Digging into the critiques of higher ed 

The most recent Gallup data on public trust in higher ed shows that roughly a quarter of U.S. adults have little to no confidence in higher education. About 40% say they have “a great deal” or “quite a lot” of confidence in it, well below the 57% majority in the initial Gallup measure in 2015.

Since its creation, the 10-member Yale faculty committee has methodically dug into what’s driving this trend by conducting research, meeting weekly for discussions, and brainstorming possible future paths for Yale and higher education. 

The upcoming conversation series and public comments will help to inform the committee’s deliberations and final report, which will be delivered by the end of the 2025-2026 academic year. 

“We want to do what universities do best: deep research, thoughtful discussion, approaching issues with an open mind,” Gage said. “Our goal is to use those skills and values to understand the trust problem and chart a path forward.” 

In addition to studying recent trends and debates, that work includes taking the long view. Ben Bernard, a postdoctoral fellow in history who works with the committee, wrote his dissertation on debates over moral legitimacy of higher education in Enlightenment-era France. He will teach an undergraduate history seminar next spring, “Trust et Veritas: The Public Legitimacy of Universities,” related to the committee’s work.

The committee invites all members of the Yale community to participate in the upcoming conversation series, as well as to submit comments and suggestions through its web form. Said Adams, “We hope to learn and hear new ideas from these thoughtful critics, as well as learn from different constituencies here on campus about their experiences with some of the issues involved in trust in higher ed.”

All events will take the form of a one-on-one conversation moderated by one of the co-chairs, with time for audience questions, dialogue, and brainstorming.

The first guest speaker in the series will be Danielle Allen, the James Bryant Conant University Professor at Harvard University, director of the Allen Lab for Democracy Renovation at the Harvard Kennedy School, and director of the Democratic Knowledge Project, a research lab focused on civic education at the Harvard Graduate School of Education. That event will begin at 5:30 p.m. on Tuesday, Nov. 4.

On Nov. 12, President McInnis will host an affiliated event as part of her Presidential Lecture Series, featuring a lecture on “How to be a Student in an Era of Anxiety and Political Polarization” by the social psychologist and author Jonathan Haidt. Haidt is also the Thomas Cooley Professor of Ethical Leadership at New York University’s Stern School of Business, co-founder of HeterodoxAcademy.org, co-author of the book “The Coddling of the American Mind,” and co-founder of The Constructive Dialogue Institute.

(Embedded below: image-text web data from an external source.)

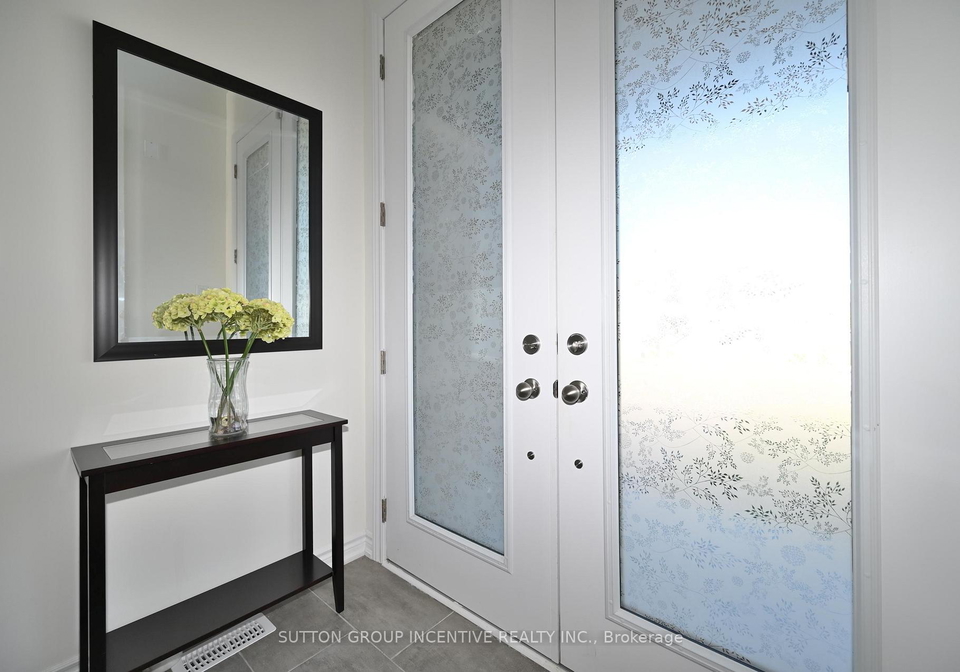 23-beatrice-drive-wasaga-beach-ontario-s13472086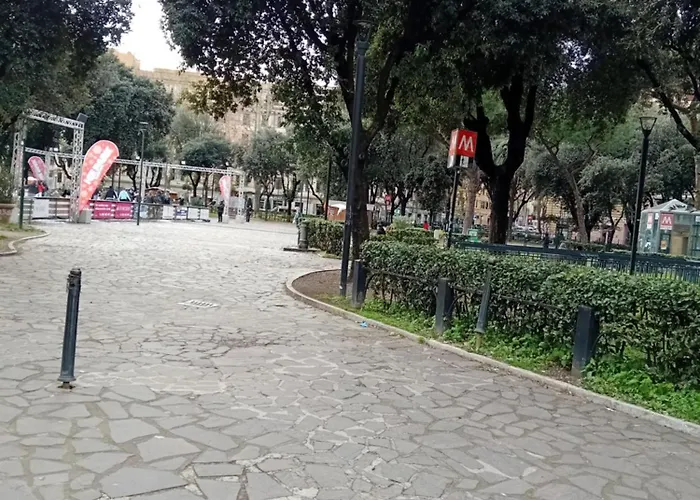 Palace King Of Panzió 3*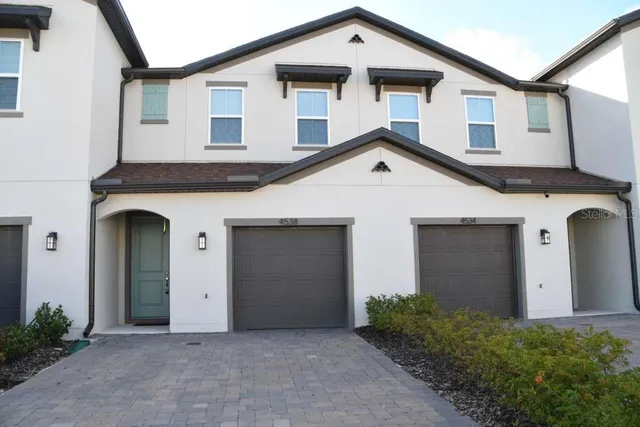 $2,300 | 4538 Small Creek Road, Kissimmee, FL 34744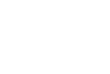 otf-logo-1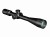 Luneta celownicza Vortex Golden Eagle HD 15-60x52 30 mm AO ECR-1/SCR-5 1540  | 14759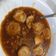 Cooksnap dari Evi Secret untuk resep Mapo Tofu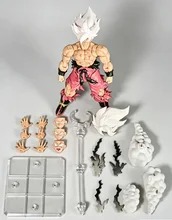 （分類：）位於 。 由 ambuehljod97892 提交（商品編號 1462546364，圖片 1）。簡介： 。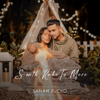 Saath Rahe Tu Mere - Sanam Zucho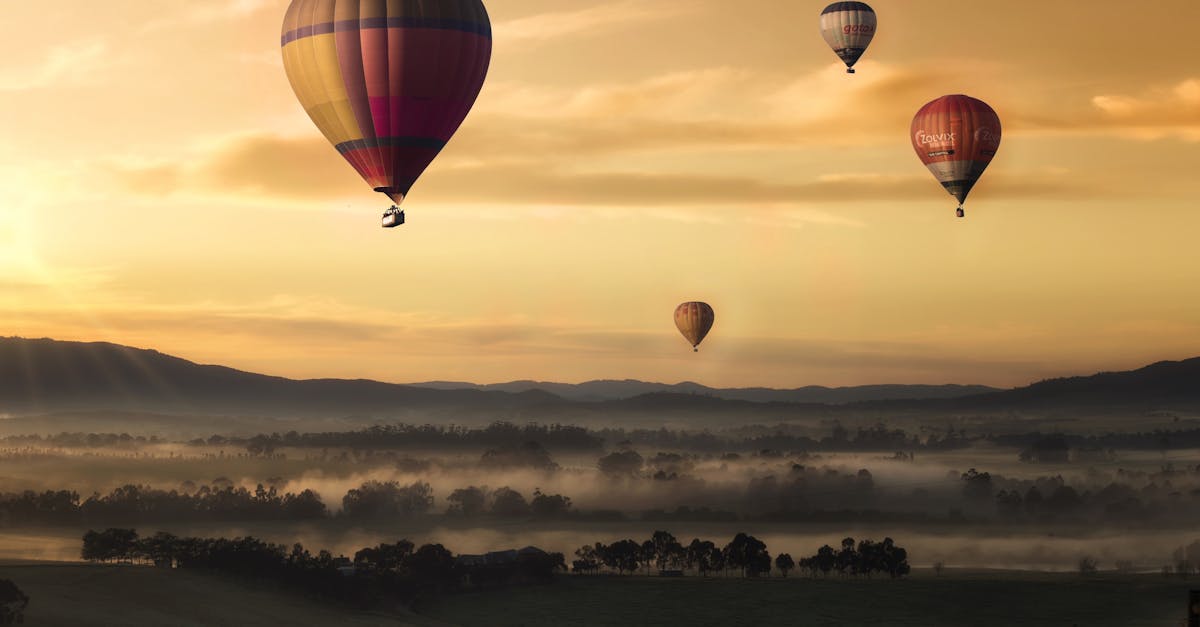 entdecken sie das abenteuer in seiner spannendsten form! erleben sie aufregende aktivitäten, atemberaubende landschaften und unvergessliche momente inmitten der natur. lassen sie den alltag hinter sich und tauchen sie ein in die welt voller abenteuer.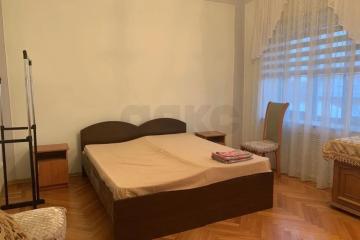 Фото №4: Дом 574 м² - Краснодар, ж/м Пашковский, ул. Крупской, 20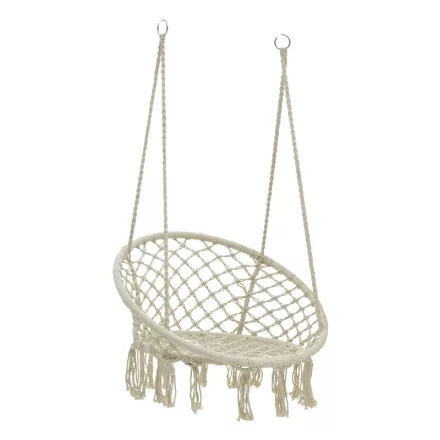 Pakketo / Kiegészítő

Four additional speakers will join the series in January and February. They are:  

  • Musa al-Gharbi, an assistant professor in the School of Communication and Journalism at Stony Brook University, who is widely known for his 2024 book, “We Have Never Been Woke: The Cultural Contradictions of a New Elite” (Jan. 13);
  • Carlos Carvalho, a professor of statistics, will share his perspective as president of the University of Austin, a newly formed liberal arts university in Austin, Texas (Jan. 21);  
  • Corey Robin, an American political theorist, journalist, and distinguished professor of political science at Brooklyn College, who has authored books on the nature and features of modern conservatism, as well as the role of fear in political life (Jan. 28); and
  • Jenna Silber Storey, a senior fellow at the American Enterprise Institute (AEI) and co-director of AEI’s Center for the Future of the American University, whose work focuses on liberal education, civic thought, and the university’s relationship to society (Feb. 3).

The location of each will be announced closer to the event dates. Other speakers may be added as the series unfolds.